30 octubre, 2008 01:00

Miguel Tomás-Valiente. Foto: Sergio Enríquez

451 Ed

Tan solo tenías tres meses. Eras un bebé como todos, pero eras el nuestro. Nuestra razón de ser, nuestra ilusión, nuestro tesoro. Eras un bebé: poco más de seis kilos de peso. Pero también un compromiso, un desafío, un símbolo y una promesa.

Solo tenías tres meses y yo me quedaba despierto muchas noches mirándote. Pero esa vez no fue por vigilar tu respiración por lo que no pude dormir. Cuando me harté de dar vueltas en la cama, me levanté, bajé al garaje y conduje por la ciudad, sin rumbo fijo, como perseguido por el demonio que todo lo sabe, cambiando de emisora en emisora en busca de información. En cuanto llegaron los primeros periódicos (tres vascos y dos de tirada nacional) a la estación de Abando, compré un ejemplar de cada uno.

Escuché todos los info rmativos en la radio, leí todas las noticias y comentarios de los periódicos y vi todos los telediarios matutinos en todas las cadenas de televisión.

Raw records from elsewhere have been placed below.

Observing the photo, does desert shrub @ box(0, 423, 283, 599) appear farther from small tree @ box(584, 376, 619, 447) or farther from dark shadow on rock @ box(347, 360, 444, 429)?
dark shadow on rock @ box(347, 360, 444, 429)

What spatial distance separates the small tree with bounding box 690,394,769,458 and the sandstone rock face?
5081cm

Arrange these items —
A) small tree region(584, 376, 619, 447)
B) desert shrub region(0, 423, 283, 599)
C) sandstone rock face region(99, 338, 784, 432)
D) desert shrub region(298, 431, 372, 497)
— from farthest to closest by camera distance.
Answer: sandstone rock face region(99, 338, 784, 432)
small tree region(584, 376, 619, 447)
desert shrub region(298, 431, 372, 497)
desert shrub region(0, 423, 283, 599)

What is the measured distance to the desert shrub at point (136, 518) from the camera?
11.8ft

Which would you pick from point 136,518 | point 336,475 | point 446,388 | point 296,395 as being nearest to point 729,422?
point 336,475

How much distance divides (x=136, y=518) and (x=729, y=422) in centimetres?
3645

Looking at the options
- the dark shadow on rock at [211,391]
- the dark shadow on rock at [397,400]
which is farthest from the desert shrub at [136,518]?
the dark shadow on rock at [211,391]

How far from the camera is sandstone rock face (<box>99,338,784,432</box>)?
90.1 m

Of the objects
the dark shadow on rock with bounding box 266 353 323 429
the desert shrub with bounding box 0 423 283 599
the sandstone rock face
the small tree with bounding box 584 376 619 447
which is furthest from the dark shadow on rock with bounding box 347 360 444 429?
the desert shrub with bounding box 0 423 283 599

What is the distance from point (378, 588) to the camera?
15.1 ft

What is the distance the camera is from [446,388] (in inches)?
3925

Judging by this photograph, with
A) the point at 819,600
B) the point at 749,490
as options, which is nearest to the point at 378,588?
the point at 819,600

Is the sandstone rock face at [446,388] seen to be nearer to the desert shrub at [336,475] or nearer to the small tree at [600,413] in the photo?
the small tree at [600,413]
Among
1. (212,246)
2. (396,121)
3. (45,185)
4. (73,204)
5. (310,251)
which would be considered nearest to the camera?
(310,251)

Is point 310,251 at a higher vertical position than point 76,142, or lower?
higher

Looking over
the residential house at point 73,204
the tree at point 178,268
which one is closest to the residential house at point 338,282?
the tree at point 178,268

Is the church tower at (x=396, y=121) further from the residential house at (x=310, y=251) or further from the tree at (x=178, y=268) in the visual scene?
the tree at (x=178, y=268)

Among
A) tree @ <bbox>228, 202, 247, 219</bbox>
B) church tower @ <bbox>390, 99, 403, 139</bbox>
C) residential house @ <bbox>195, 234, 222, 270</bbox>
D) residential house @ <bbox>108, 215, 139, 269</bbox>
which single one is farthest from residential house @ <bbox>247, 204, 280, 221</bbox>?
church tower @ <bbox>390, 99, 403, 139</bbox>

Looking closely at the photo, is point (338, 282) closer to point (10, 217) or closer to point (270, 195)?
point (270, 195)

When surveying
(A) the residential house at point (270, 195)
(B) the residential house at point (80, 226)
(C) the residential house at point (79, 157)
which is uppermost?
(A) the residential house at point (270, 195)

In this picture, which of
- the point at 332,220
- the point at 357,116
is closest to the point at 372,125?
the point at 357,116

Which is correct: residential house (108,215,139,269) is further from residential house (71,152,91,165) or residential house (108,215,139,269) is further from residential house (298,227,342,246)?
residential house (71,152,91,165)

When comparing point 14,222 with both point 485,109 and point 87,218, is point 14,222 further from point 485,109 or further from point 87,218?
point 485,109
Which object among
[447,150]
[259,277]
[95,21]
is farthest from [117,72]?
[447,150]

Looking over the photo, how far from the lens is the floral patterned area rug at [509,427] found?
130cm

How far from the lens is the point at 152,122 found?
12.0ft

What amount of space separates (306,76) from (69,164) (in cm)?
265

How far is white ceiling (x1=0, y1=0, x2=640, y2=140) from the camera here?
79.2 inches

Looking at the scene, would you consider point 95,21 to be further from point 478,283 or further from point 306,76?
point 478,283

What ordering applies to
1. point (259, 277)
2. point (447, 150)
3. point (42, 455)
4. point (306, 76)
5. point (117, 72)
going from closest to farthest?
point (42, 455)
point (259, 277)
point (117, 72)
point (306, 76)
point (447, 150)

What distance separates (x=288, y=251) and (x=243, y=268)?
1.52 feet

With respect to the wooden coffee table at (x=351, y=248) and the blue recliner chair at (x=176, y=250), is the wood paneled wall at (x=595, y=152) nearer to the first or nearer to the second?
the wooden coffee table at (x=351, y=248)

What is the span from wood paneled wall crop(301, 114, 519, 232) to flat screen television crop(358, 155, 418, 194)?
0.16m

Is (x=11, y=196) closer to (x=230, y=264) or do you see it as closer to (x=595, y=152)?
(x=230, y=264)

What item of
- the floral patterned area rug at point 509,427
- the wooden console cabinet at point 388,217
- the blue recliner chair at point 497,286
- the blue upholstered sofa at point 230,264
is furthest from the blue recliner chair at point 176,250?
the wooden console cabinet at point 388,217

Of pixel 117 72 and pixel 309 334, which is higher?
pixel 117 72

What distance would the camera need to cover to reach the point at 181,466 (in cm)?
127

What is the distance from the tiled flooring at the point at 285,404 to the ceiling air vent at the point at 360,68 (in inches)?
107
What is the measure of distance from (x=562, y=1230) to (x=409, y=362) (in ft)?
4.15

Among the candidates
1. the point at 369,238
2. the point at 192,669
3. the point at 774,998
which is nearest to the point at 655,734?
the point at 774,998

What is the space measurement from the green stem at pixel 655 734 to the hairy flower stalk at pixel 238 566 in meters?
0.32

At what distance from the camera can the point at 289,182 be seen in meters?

Absolutamente todos se hacían eco del suceso: a las puertas del hospital de Basurto, en Bilbao, un grupo de no más de veinte militantes de HB había desplegado una pancarta pidiendo la liberación de los tres jóvenes detenidos por el ataque a la Librería Luna perpetrado la noche anterior y como consecuencia del cual la hija del propietario, Lucía Luna, estaba siendo operada en esos momentos en el mencionado centro médico.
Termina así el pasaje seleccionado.